PROBLEM TO WORK ON. Copy the lines of the data below exactly, starting at the first and stopping after the line that contains "Assalamu alaikum. Welcome"; include no pictures.

(Data items)
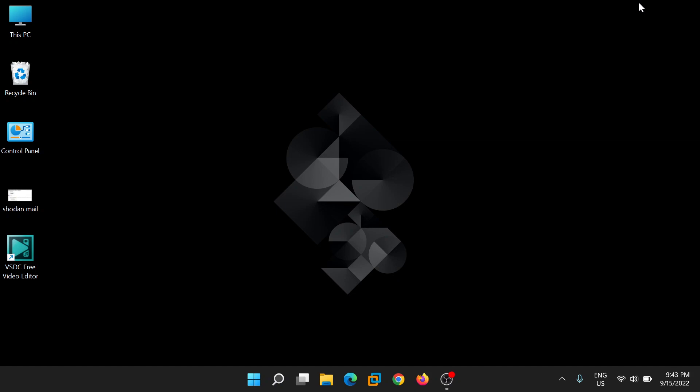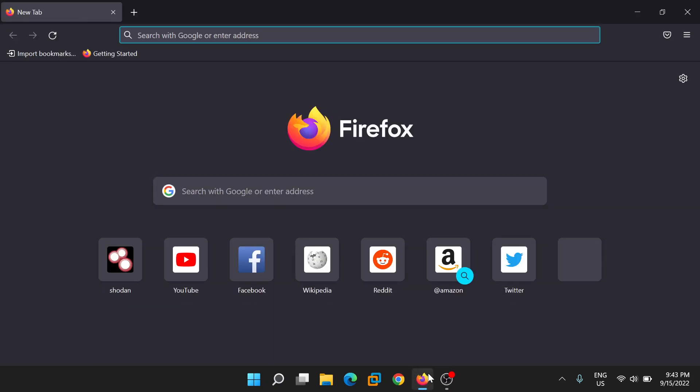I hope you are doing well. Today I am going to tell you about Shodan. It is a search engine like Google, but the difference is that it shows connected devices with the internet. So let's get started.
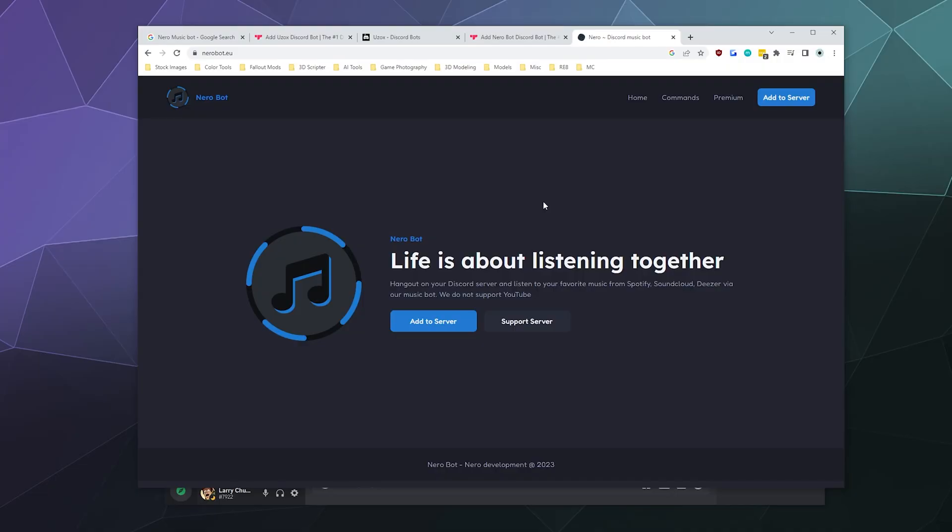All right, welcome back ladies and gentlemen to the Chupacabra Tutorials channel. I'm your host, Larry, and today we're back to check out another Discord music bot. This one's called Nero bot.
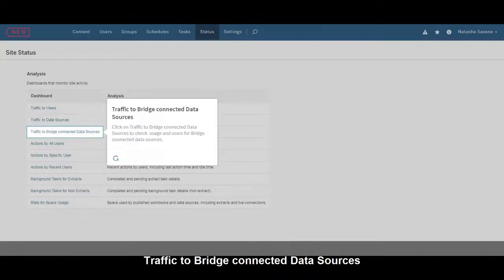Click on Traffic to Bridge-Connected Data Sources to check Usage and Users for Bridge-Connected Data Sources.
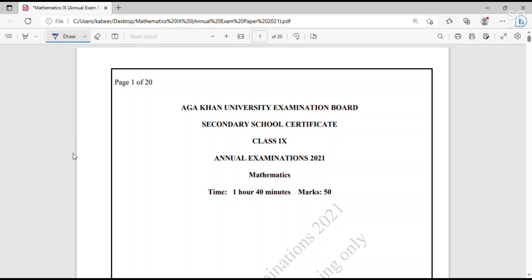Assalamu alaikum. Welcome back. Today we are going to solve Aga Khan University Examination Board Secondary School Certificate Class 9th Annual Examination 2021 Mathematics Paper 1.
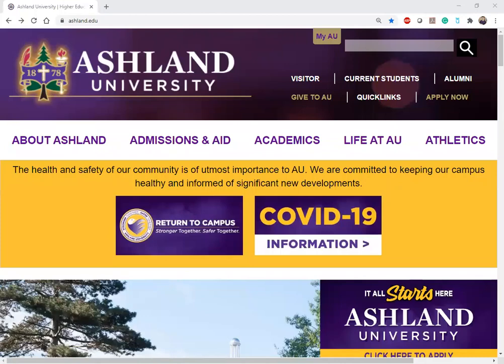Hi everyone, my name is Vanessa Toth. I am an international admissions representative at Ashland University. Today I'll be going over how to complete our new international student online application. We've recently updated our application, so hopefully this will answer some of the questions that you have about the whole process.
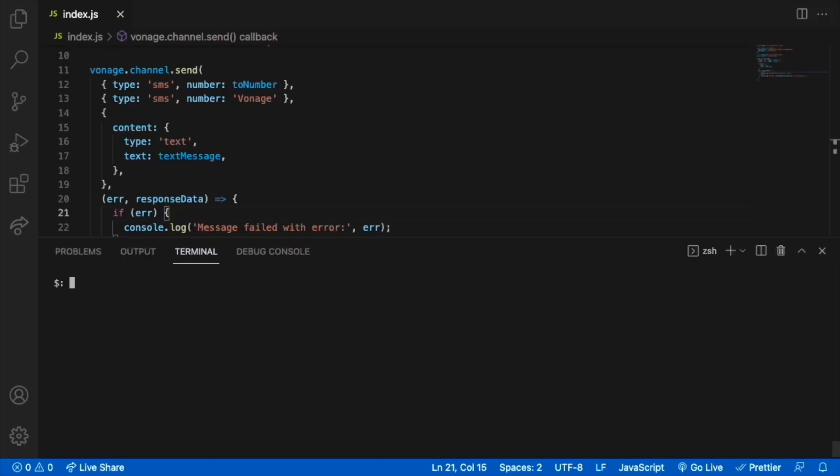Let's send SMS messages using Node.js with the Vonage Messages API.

WRITTEN SOLUTION.
I hope you are doing well. Today I am going to tell you about Shodan. It is a search engine like Google, but the difference is that it shows connected devices with the internet. So let's get started.
All right, welcome back ladies and gentlemen to the Chupacabra Tutorials channel. I'm your host, Larry, and today we're back to check out another Discord music bot. This one's called Nero bot.
Click on Traffic to Bridge-Connected Data Sources to check Usage and Users for Bridge-Connected Data Sources.
Assalamu alaikum. Welcome back. Today we are going to solve Aga Khan University Examination Board Secondary School Certificate Class 9th Annual Examination 2021 Mathematics Paper 1.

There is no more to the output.